(Beginning of INFORMATION SHOWN)
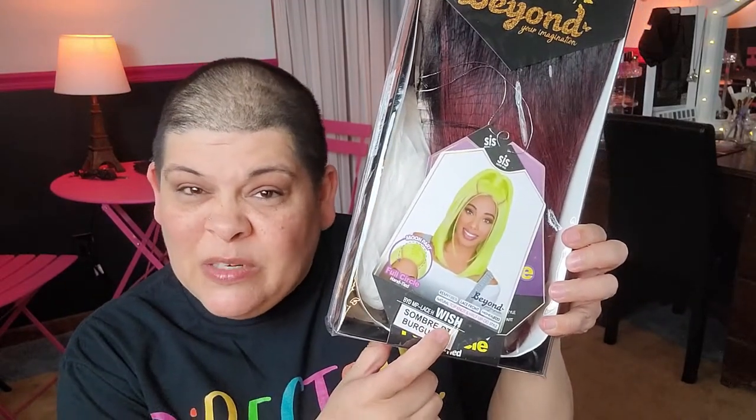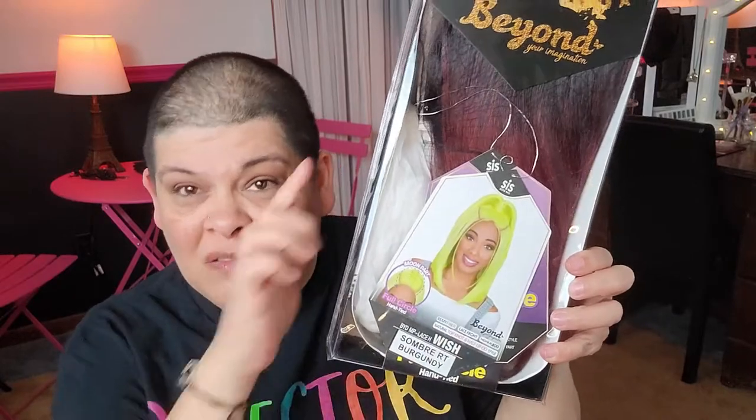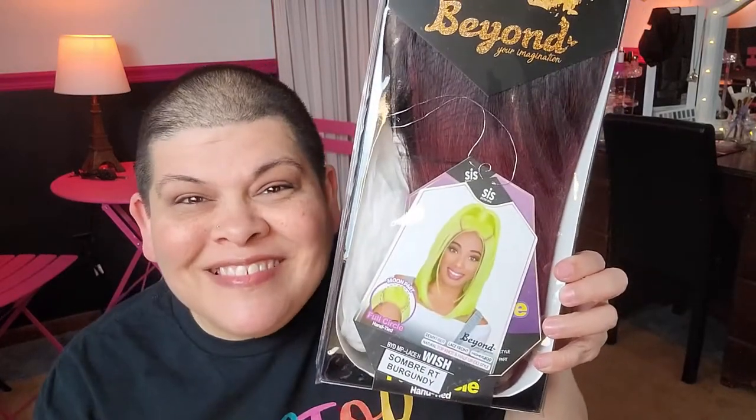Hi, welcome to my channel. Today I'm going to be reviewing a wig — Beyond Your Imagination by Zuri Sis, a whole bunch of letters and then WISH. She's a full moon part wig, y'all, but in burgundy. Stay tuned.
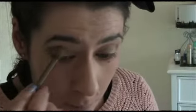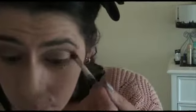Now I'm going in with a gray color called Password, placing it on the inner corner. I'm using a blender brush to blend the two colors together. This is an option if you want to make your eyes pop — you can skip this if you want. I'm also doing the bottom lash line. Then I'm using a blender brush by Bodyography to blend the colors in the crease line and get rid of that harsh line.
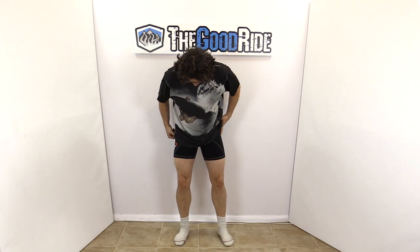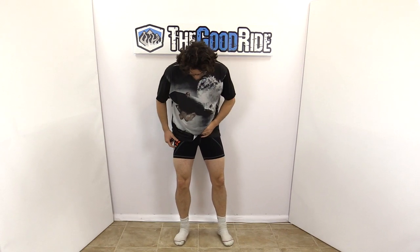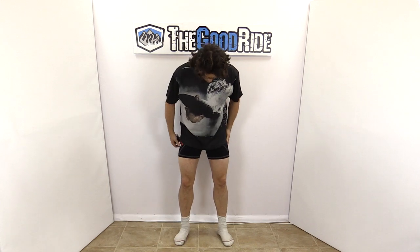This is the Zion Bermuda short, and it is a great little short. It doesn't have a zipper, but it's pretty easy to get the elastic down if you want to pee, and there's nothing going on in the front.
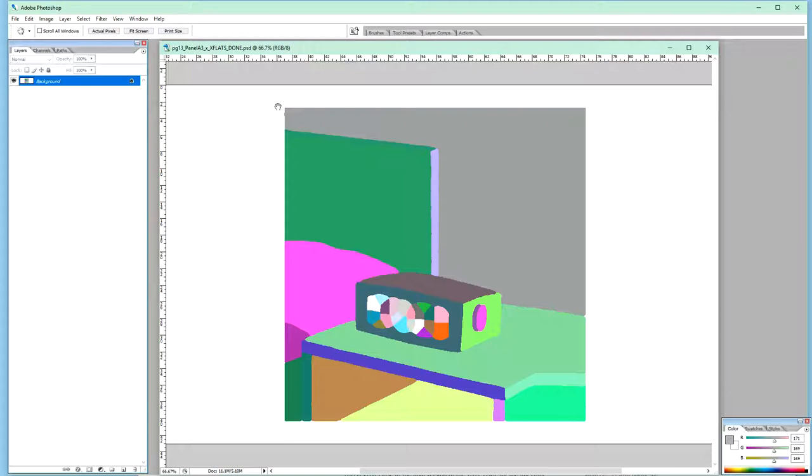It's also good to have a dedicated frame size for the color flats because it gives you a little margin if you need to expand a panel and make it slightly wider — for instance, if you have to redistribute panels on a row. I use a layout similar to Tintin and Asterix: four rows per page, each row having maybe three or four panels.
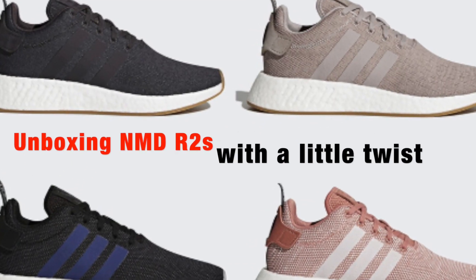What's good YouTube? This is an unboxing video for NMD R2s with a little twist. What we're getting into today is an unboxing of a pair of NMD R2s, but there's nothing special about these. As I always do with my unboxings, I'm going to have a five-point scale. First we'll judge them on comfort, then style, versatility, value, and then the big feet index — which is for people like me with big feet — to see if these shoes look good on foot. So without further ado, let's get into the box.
(End of INFORMATION SHOWN)
(Beginning of INFORMATION SHOWN)
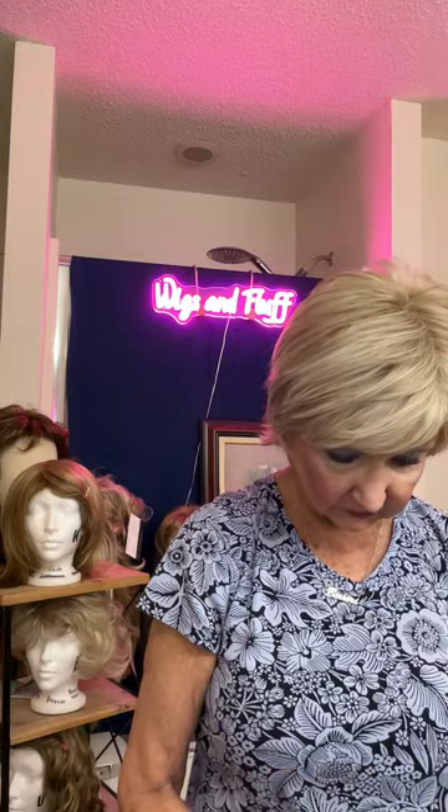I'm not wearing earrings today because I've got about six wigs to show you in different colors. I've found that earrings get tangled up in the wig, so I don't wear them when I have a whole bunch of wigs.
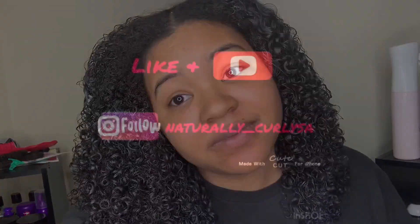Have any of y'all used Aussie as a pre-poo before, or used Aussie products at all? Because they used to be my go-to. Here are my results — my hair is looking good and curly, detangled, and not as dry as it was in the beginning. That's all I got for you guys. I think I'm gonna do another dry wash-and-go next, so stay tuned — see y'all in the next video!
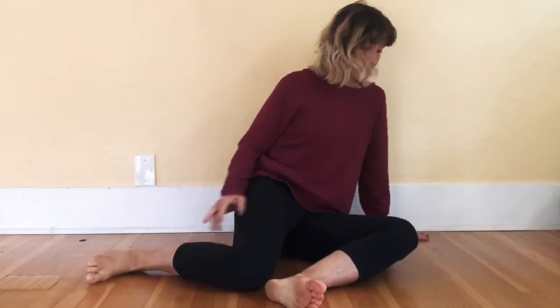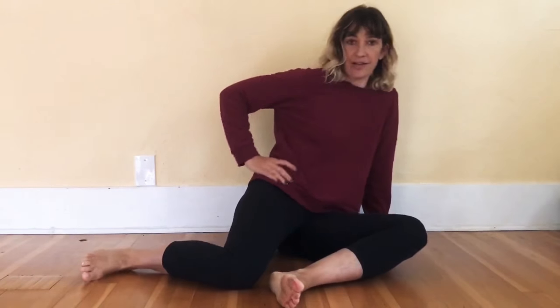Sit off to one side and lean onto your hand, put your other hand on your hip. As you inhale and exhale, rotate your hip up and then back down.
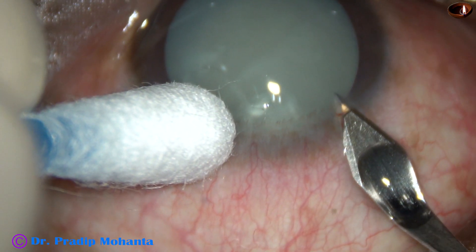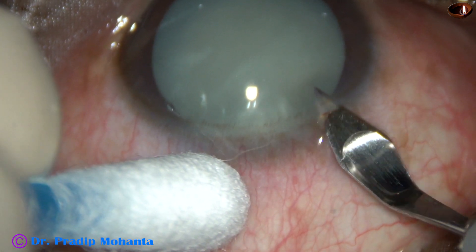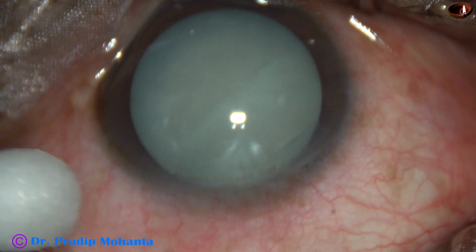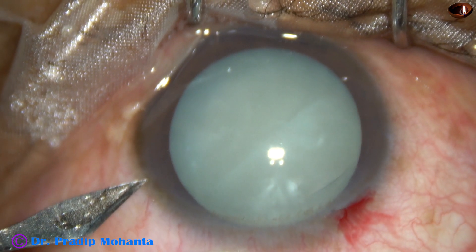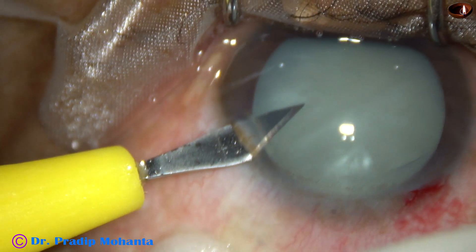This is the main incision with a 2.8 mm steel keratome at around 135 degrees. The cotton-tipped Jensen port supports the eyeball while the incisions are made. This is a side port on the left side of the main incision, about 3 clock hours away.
(End of INFORMATION SHOWN)
(Beginning of INFORMATION SHOWN)
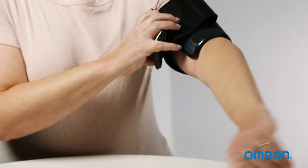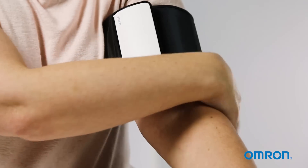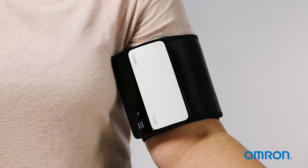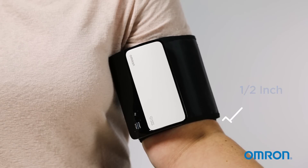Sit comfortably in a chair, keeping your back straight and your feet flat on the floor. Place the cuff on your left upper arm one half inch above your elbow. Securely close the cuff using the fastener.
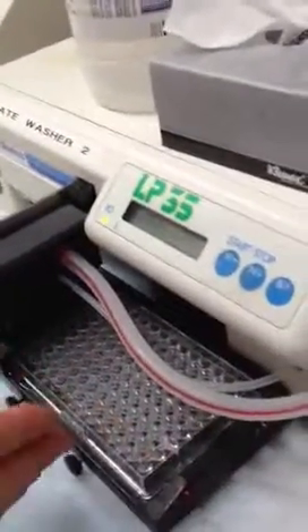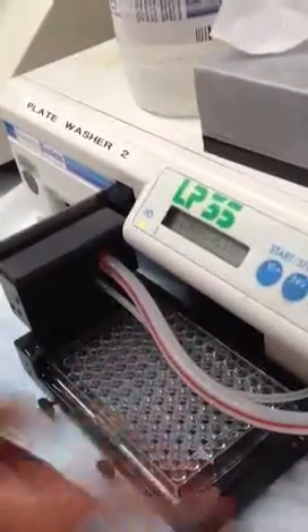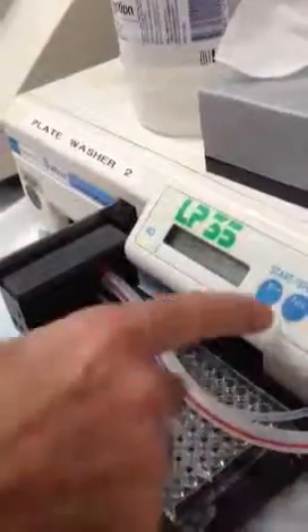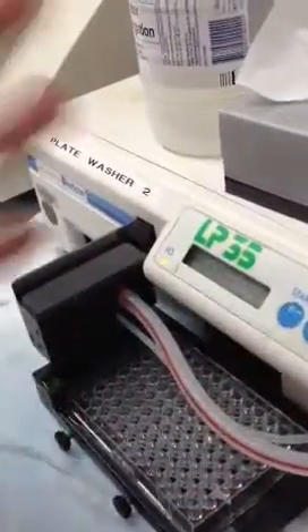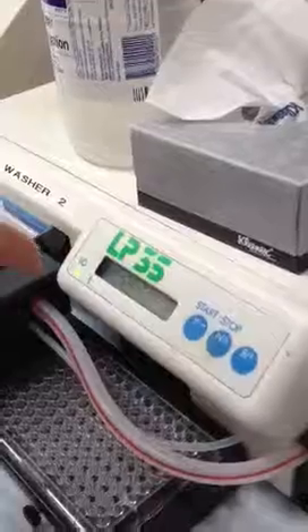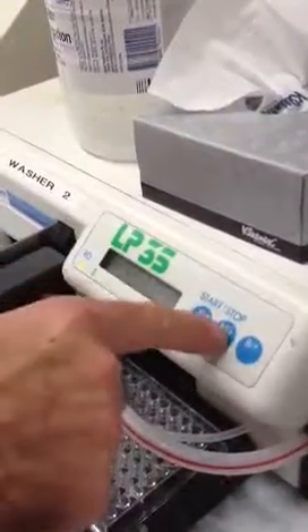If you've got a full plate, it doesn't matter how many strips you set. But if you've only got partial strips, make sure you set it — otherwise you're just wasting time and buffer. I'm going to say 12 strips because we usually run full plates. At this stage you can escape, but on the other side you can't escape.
(End of INFORMATION SHOWN)
TRY IT >>
Give again the stretch of the entries above that begins at the line with "I'm not wearing" and ends at the line with "Sit off to one", word for word, with no pictures.

RESPONSE TO THE EXERCISE >>
I'm not wearing earrings today because I've got about six wigs to show you in different colors. I've found that earrings get tangled up in the wig, so I don't wear them when I have a whole bunch of wigs.
Have any of y'all used Aussie as a pre-poo before, or used Aussie products at all? Because they used to be my go-to. Here are my results — my hair is looking good and curly, detangled, and not as dry as it was in the beginning. That's all I got for you guys. I think I'm gonna do another dry wash-and-go next, so stay tuned — see y'all in the next video!
Sit off to one side and lean onto your hand, put your other hand on your hip. As you inhale and exhale, rotate your hip up and then back down.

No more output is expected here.